Y es que, por si no fuera suficiente con las de los maridos, también hay pesadas sombras de padres políticos no siempre reales. En Ucrania se ligó el destino de Yulia Tymoshenko al de Víktor Yúshchenko, describiéndola más como aliada de un hombre que como protagonista de una revolución. Incluso la muy carismática primera ministra neozelandesa Jacinda Ardern es presentada en ocasiones como alguien que fue asesora de Tony Blair.

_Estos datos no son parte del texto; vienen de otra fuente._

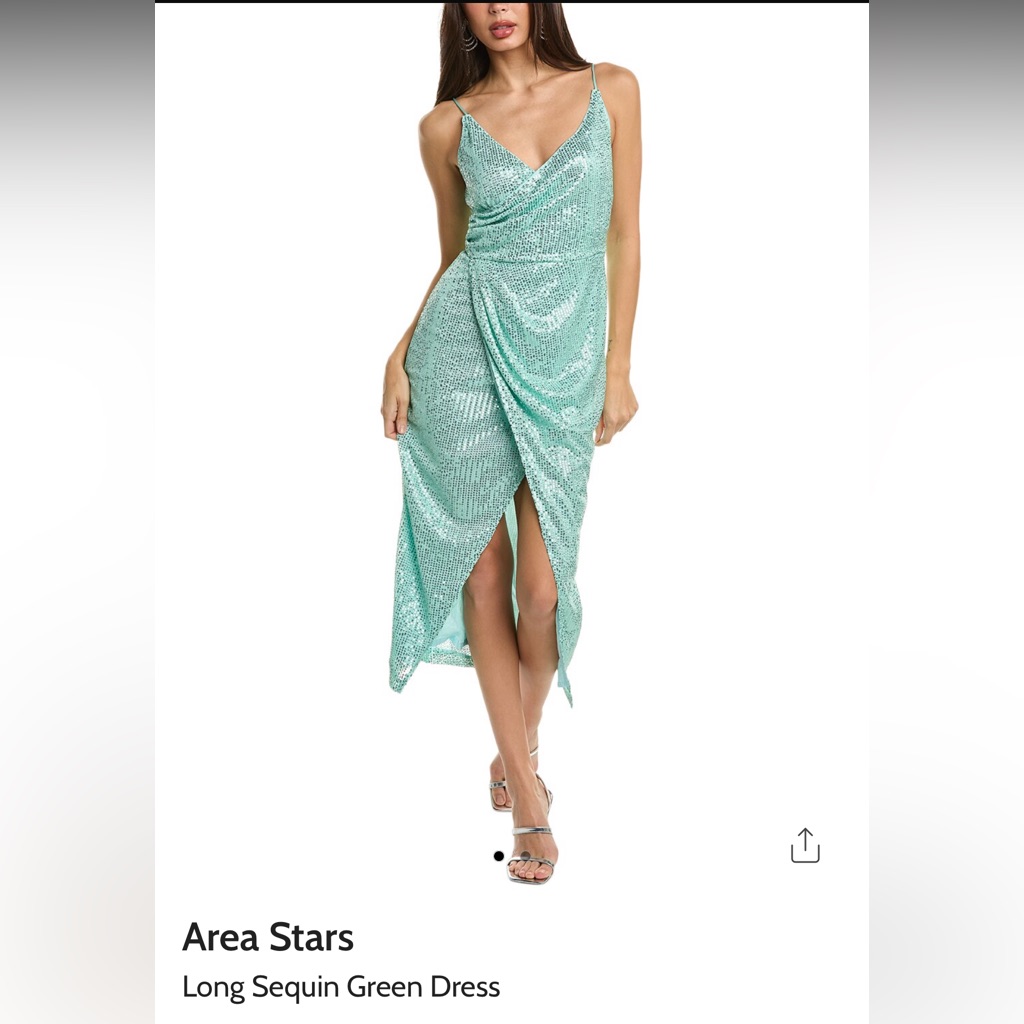 Area Stars Long Sequin Green Dress Size L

Con el paso del tiempo, la presencia y peso de la mujer en las estructuras de poder político ha ido creciendo y lo que quizá sea incluso más relevante, ha ido desligándose del patrocinio masculino no solo de forma real, sino también simbólica.
Las líderes lo son porque lo son, sin más. Sirva el caso de la citada Kamala Harris o de posibles candidatas futuras en España (ahora sí) como Yolanda Díaz o Isabel Díaz Ayuso. O de figuras de la talla de Golda Meir en Israel, Lidia Gueiler en Bolivia, Margaret Thatcher en Reino Unido o más recientemente Laura Chinchilla en Costa Rica, Erna Solberg en Noruega o Sandra Mason en Barbados.

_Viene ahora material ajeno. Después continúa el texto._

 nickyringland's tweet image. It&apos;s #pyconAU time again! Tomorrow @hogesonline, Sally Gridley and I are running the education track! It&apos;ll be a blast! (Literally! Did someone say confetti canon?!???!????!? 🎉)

A estas alturas quizá te llame la atención que países como India, Pakistán, Argentina, Chile, Brasil y Nicaragua aparezcan como referentes en algo que otros con democracias de referencia, como EEUU o Francia, no.

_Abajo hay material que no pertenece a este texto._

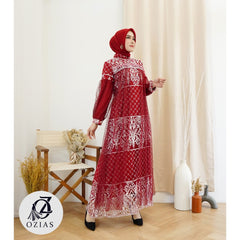 GAMIS OZIAS TILE 09429 I Fashion Remaja kondangan I Gamis Dewasa Panjang
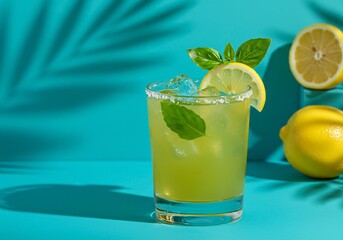 Fototapeta premium Refreshing Green Drink Bright Summer Light. AI Generated
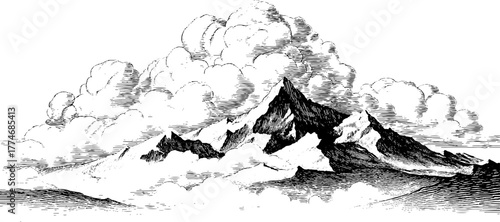 Vintage mountain landscape with clouds in engraved style for retro design elements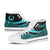 Pohnpei High Top Shoes Turquoise - Polynesian Tentacle Tribal Pattern - Polynesian Pride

Y tal vez pienses que sí, que presidentas como tal no hemos tenido, tampoco en España, pero que a estas alturas tenemos gabinetes y parlamentos mucho más femeninos. Y sí, es cierto, pero de nuevo no son necesariamente los países más desarrollados los que más avanzados están en igualdad en el campo de la política.
Según datos de Parline, en enero de este año los Estados con mayor proporción de mujeres en sus parlamentos son Ruanda (61,3%), Cuba (53,4%) y Nicaragua (50,6%). Junto a ellos, México y Emiratos Árabes Unidos (con un 50%) son los únicos países en los que los hombres no son mayoría parlamentaria. España está en la posición 18ª, con un 43%.
Y también puedes pensar que todo eso está muy bien, pero que al margen de la política el poder real está también en las empresas. Pero, de nuevo, no son las principales economías del mundo las que tienen mayor presencia femenina en cargos de alta gestión: según datos de la Organización Mundial del Trabajo, en 2020 los líderes fueron Jordania (60,2% de mujeres), Botswana (55,3%) y El Salvador (48,8%). España está la 27ª con un 36,5%.
Quedan, por tanto, muchos avances por alcanzar, sobre todo en las grandes economías, y muchas sombras paternalistas por disipar.
Y a la espera de que nuestro país engrose algún día la lista de naciones con una mujer al frente, al menos podemos celebrar que cada vez haya más referentes y más cercanos en los que fijarnos, como es el caso de los países nórdicos: Finlandia tiene a Sanna Marin, Dinamarca a Mette Frederiksen e Islandia a Katrín Jakobsdóttir.
La igualdad, al final, es una cuestión cultural.